The Tomcat in general
Apache Tomcat is the most popular Java Application Server of the Java / Spring Boot Developers Community.
Some of the reasons it is so popular, are:
- It is Open Source
- It is a proven player (over 15 years “old”)
- Embedded in Spring Tools Suite (STS) (so far)
- Manageable in VS Code via Tomcat for Java extension.
- Part of any Maven-based web project using the Spring Boot Starter Web (e.g. created via Spring Initializr)
- Available for Gradle-based projects, as plugin – the gradle-tomcat-plugin which extends the War plugin.
- It has good documentation and community support
- It is Java-based and it supports all the 3 major platforms (Windows, Linux, macOS)
- and, quite important: it is free!
Other well-known Java Servers are:
- Jetty by Eclipse
- GlassFish by Oracle
- WildFly (ex JBoss) by Red Hat
- WebLogic by Oracle ( 👉 see my post here to install it)
In this post we will take a look on how to install and start working with Apache Tomcat. (This is a MacOS installation, however, since the Tomcat is built with Java, installation on other OS are pretty similar).
Choose an appropriate version for Tomcat installation
First and foremost, we have to decide which version could be more suitable for our development/deployment needs. You can go to the Apache Tomcat website and by clicking on the “Which Version” link on the left, you can see a list of the available versions.
The most recent version (Sep 15, 2022) is Version 10.1.x and requires Java version 11 or later. Well, actually version 10.0.23 works OK with Java version 8, however, note that we should be aware that from Tomcat 10 and onwards, (as a result of the move from Java EE to Jakarta EE as part of the transfer of Java EE to the Eclipse Foundation), the primary package for all implemented APIs has changed from javax.* to jakarta.*. The version 10.x perhaps could be challenging enough and might require some changes that we don’t kike to deal with right now. So, unless you decided to left behind Java versions 8 and backward, a better approach might be to go for Tomcat version 9 (9.0.65 precisely) which is also OK with Java version 8, of course.
So, before to proceed, ensure that your macOS has at least Java version 8:
Go to download section and select the download package:
Note: You can also download the Full Documentation, as you can see above.
Choose a folder in your system to download it. That folder could also be Tomcat’s installation folder. Change the user access rights to that folder, and unzip the downloaded archive.
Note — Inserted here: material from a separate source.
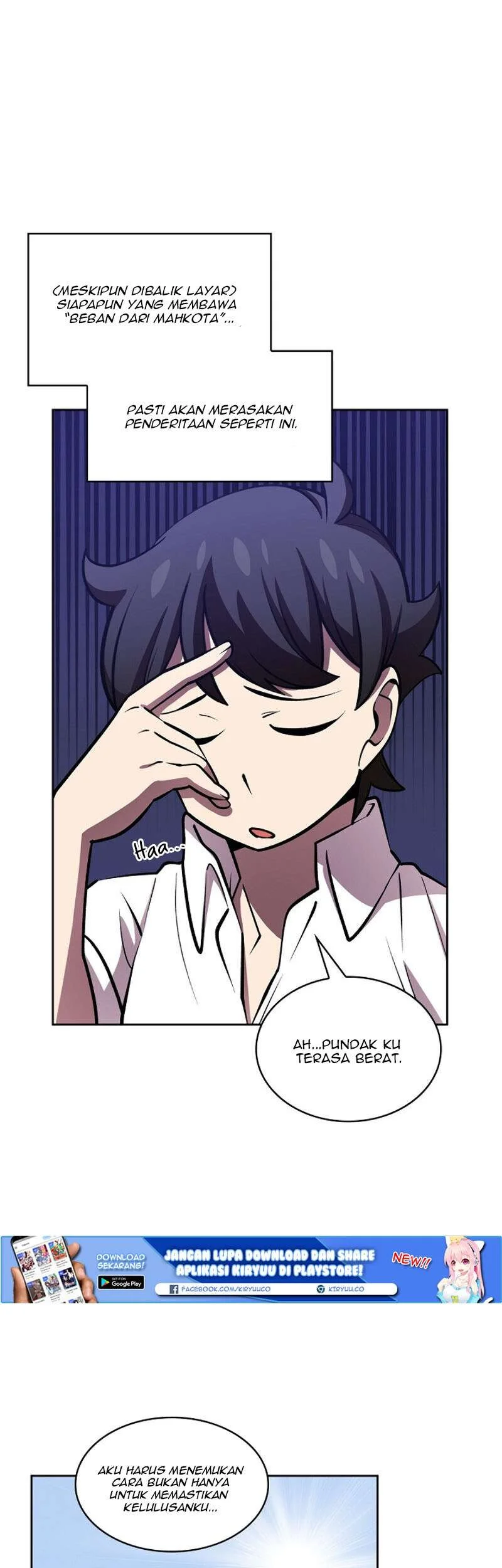 FFF-Class Trashero Chapter 45 Gambar 8
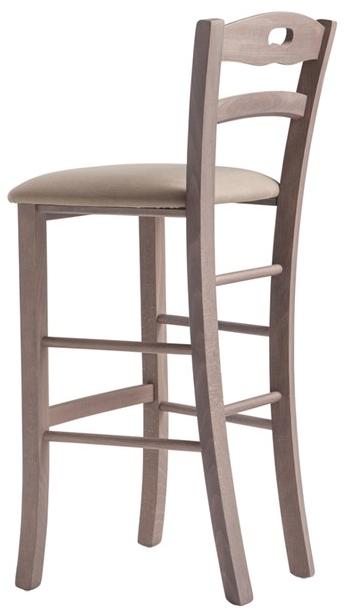 Palma Высокий табурет из бука Savoy 42ba.2 - Вид №2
The installation folder structure
In order to be able to manage the Tomcat server (e.g. to deploy a Java application – .war file, we have to have management access to the Tomcat server. By default, this is disabled, so we have to do it on our own. This means that we have to configure Tomcat for that. Tomcat, in its default configuration, uses role-based authorizations, and it has predefined some of the necessary manager/admin roles for the purpose. So, simply put, what we have to do, is just add a user (defining his/her credentials username, and password, and give him/her those manager/admin roles. Before doing that, let’s take a look at some of the important folders of the unzipped structure created:
Tomcat main/important folders and subfolders
- bin: contains the binaries; and startup script (startup.bat for Windows and startup.sh for Unixes and Mac OS), shutdown.sh script (shutdown.bat for Windows and shutdown.sh for Unix and Mac OS), and other binaries and scripts.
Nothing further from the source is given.